Some have argued that these laws have been driven by a dislike of both drug regulation and the FDA. After all, they are designed to achieve the same result as the compassionate use program. The only difference is that they bypass the FDA.
Either way, it’s worth noting just how early-stage these treatments are. A drug that has been through phase I trials might have been tested in just 20 healthy people. Yes, these trials are designed to test the safety of a drug, but they are never conclusive. At that point in a drug’s development, no one can know how a sick person—who is likely to be taking other medicines— will react to it.
Now these Right to Try laws are being expanded even more. The Montana bill, which goes the furthest, will enable people who are not seriously ill to access unproven treatments, and other states have been making moves in the same direction.

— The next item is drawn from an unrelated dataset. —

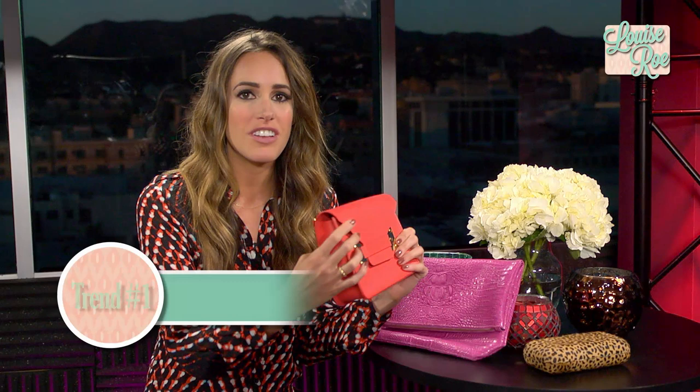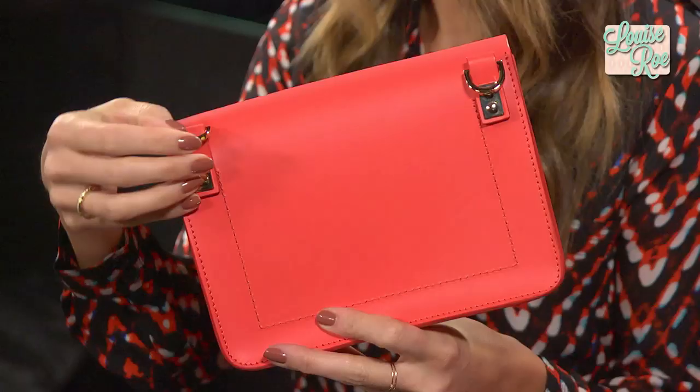Three big trends to look out for. First, sorbet tones — whether it's lemon yellow, pistachio, or peach, if you think you could eat it, that's the color you want your bag to be. This one is absolutely gorgeous, a peachy coral tone designed by Sophie Holm, a London designer.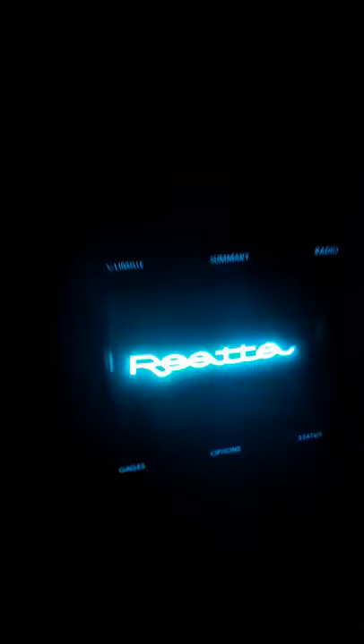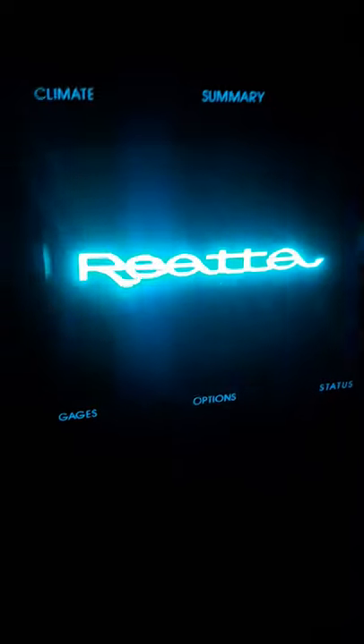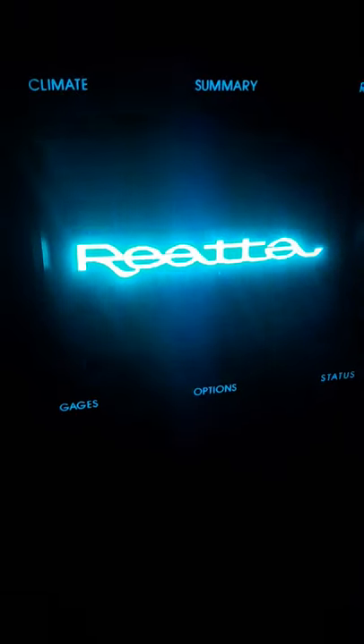All right, so check this out. Whenever you close the door on a 1988 Buick Riata, everything lights up. My touchscreen and it plays a splash screen. It just says Riata. This car is so cool.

Just this week, Georgia’s governor signed into law the Hope for Georgia Patients Act, which allows people with life-threatening illnesses to access personalized treatments, those that are “unique to and produced exclusively for an individual patient based on his or her own genetic profile.” Similar laws, known as “Right to Try 2.0,” have been passed in other states, too, including Arizona, Mississippi, and North Carolina.
And last year, Utah passed a law that allows health care providers (including chiropractors, podiatrists, midwives, and naturopaths) to deliver unapproved placental stem cell therapies. These treatments involve cells collected from placentas, which are thought to hold promise for tissue regeneration. But they haven’t been through human trials. They can cost tens of thousands of dollars, and their effects are unknown. Utah’s law was described as a “pretty blatant broadbrush challenge to the FDA’s authority” by an attorney who specializes in FDA law. And it’s one that could put patients at risk.
Laws like these spark a lot of very sensitive debates. Some argue that it’s a question of medical autonomy, and that people should have the right to choose what they put in their own bodies.
And many argue there’s a cost-benefit calculation to be made. A seriously ill person potentially has more to gain and less to lose from trying an experimental drug, compared to someone who is in good health.
But everyone needs to be protected from ineffective drugs. Most ethicists think it’s unethical to sell a treatment when you have no idea if it will work, and that argument has been supported by numerous US court decisions over the years.